***** LISTED RECORDS
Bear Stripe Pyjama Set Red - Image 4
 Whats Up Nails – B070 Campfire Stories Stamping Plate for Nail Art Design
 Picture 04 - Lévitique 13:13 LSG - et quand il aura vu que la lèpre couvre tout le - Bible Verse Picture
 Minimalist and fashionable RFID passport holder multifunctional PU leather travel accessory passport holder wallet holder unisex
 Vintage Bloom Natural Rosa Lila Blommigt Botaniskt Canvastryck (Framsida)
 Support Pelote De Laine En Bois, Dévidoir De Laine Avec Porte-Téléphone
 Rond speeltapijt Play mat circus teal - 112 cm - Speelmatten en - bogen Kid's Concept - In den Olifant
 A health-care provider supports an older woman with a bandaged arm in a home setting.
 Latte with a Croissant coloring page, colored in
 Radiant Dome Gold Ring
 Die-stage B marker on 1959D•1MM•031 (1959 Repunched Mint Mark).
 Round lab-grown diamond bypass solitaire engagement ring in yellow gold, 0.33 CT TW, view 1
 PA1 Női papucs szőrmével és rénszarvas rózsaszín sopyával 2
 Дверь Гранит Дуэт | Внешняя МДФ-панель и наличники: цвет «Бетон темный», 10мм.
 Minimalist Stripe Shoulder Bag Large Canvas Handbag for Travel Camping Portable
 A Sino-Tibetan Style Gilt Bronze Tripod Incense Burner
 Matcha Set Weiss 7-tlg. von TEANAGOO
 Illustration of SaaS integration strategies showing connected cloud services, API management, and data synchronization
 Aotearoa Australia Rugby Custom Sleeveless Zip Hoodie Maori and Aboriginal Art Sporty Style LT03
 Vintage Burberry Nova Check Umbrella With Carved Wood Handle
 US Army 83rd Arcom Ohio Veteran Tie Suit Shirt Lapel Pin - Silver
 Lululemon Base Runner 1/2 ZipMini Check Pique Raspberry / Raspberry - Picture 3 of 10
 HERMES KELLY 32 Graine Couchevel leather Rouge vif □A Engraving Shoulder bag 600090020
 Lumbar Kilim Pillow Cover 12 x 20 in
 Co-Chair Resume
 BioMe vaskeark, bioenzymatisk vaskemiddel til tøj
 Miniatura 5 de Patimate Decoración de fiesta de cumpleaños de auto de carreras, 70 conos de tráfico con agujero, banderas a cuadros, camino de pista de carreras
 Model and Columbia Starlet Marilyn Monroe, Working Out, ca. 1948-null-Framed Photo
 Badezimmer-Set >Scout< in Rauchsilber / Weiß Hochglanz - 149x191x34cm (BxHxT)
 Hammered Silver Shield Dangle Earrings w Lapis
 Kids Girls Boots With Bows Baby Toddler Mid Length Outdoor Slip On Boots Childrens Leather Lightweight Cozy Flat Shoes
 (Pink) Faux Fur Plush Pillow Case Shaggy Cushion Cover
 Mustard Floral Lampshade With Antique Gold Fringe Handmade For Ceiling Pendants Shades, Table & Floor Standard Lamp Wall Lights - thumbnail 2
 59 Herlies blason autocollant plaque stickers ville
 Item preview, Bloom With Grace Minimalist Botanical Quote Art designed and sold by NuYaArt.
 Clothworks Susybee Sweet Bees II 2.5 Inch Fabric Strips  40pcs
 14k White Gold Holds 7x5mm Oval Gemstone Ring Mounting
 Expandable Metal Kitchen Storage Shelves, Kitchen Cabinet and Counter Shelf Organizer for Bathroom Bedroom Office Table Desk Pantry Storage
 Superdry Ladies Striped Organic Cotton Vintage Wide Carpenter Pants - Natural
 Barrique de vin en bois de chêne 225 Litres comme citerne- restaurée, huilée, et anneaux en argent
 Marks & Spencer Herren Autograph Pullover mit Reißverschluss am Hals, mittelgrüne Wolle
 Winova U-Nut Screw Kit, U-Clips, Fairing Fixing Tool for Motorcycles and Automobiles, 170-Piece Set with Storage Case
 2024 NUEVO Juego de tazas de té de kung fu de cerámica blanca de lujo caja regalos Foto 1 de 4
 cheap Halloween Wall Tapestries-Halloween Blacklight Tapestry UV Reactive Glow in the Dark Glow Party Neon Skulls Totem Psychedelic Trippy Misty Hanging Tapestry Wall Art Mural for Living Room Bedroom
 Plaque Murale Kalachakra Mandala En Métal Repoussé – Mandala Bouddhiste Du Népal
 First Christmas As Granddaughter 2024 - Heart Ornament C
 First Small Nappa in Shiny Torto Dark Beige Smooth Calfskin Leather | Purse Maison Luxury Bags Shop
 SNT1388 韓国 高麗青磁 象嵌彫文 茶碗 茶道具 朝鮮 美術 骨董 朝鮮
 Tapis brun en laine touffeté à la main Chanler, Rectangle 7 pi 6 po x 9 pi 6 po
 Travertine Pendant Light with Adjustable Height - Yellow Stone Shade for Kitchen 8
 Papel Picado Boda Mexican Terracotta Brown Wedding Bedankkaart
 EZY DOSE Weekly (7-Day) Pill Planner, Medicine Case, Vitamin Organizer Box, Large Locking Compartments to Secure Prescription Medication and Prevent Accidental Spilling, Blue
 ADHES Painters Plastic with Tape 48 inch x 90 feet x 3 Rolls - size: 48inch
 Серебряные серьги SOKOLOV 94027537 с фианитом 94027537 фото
**********
> _TASK_
Nothing should appear in the answer except the lines from the one containing "ADHES Painters Plastic" to the end of the data above, reproduced exactly.

> _EXERCISE SOLUTION_
 ADHES Painters Plastic with Tape 48 inch x 90 feet x 3 Rolls - size: 48inch
 Серебряные серьги SOKOLOV 94027537 с фианитом 94027537 фото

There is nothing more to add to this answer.